▸ **Assignment**
In the entries below, find the line with "Pagani Zonda Roadster Silver (SKU2044)" and the line with "Pre-owned H&m Casual Pants In Gray"; reproduce those two lines and all lines between them exactly, without pictures.

▸ **Data for this exercise**
::::::::

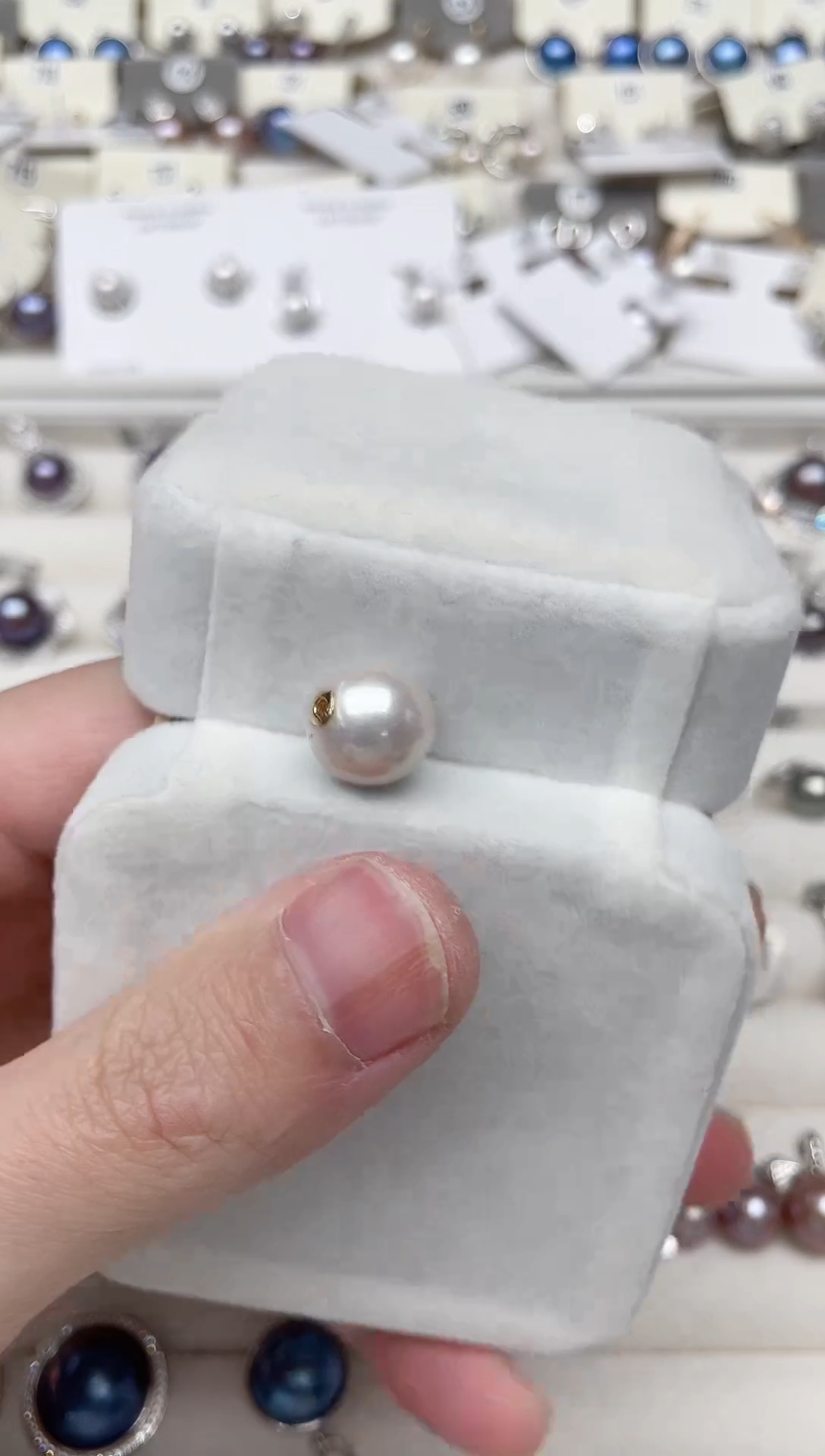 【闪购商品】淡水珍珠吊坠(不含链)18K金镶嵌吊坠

::::::::

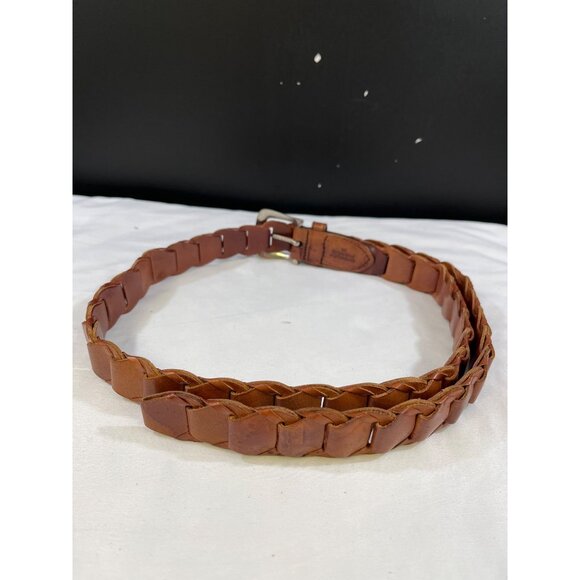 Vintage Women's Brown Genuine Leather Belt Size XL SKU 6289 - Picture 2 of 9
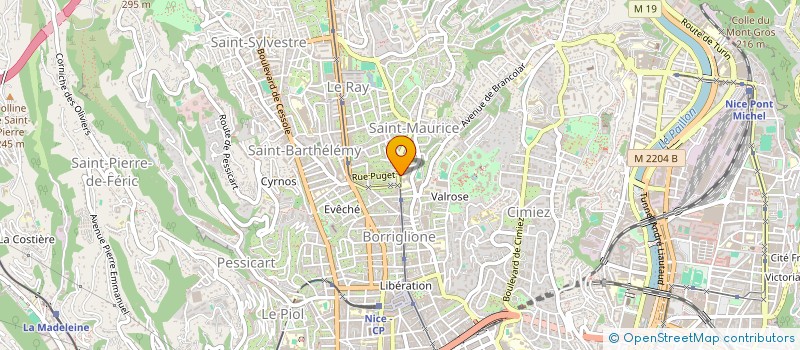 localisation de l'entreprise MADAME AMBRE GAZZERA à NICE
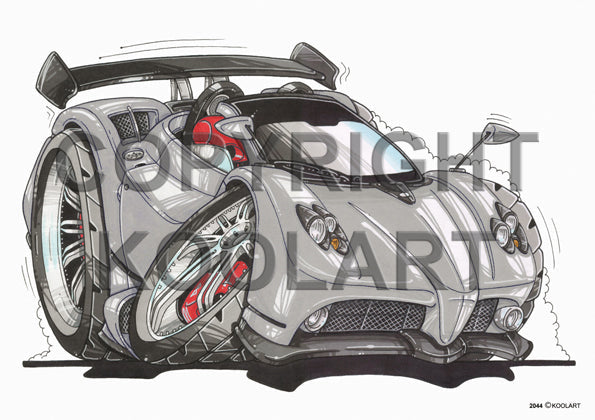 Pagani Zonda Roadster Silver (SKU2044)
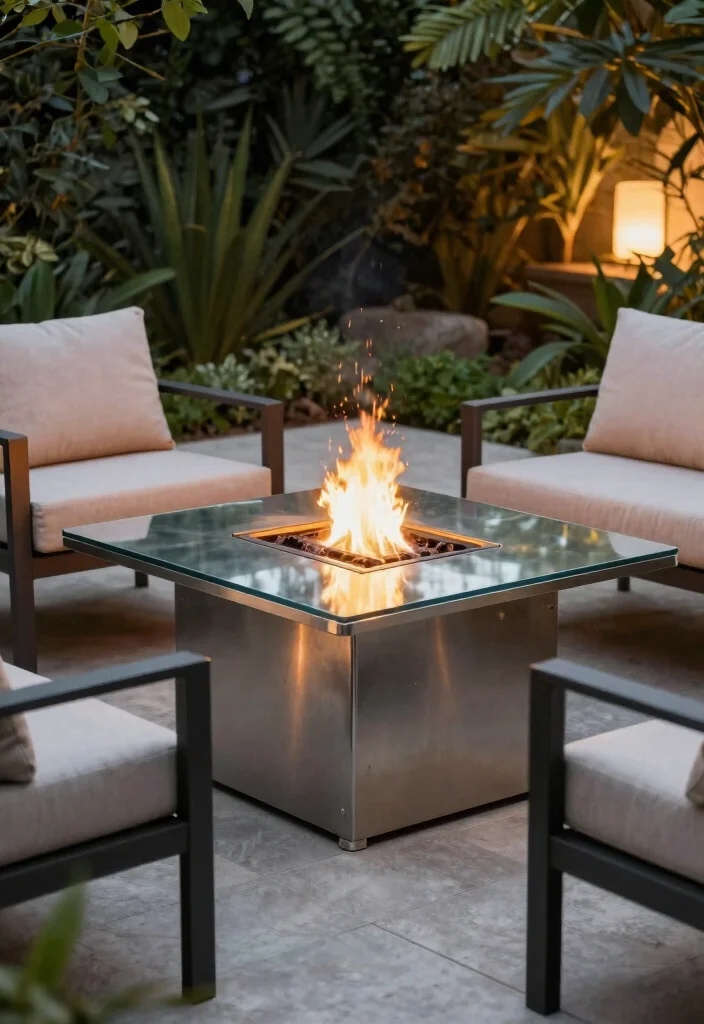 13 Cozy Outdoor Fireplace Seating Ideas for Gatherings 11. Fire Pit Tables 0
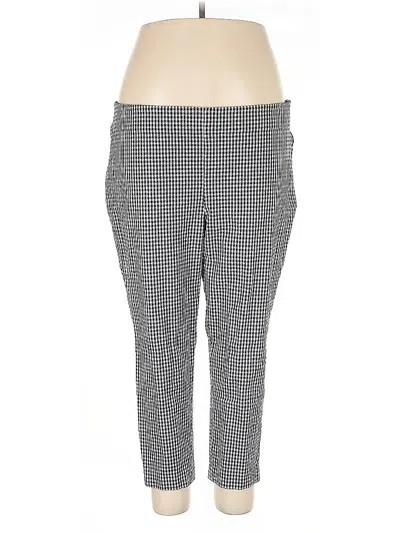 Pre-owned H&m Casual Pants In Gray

::::::::

▸ **Solved exercise**
 Pagani Zonda Roadster Silver (SKU2044)
 13 Cozy Outdoor Fireplace Seating Ideas for Gatherings 11. Fire Pit Tables 0
 Pre-owned H&m Casual Pants In Gray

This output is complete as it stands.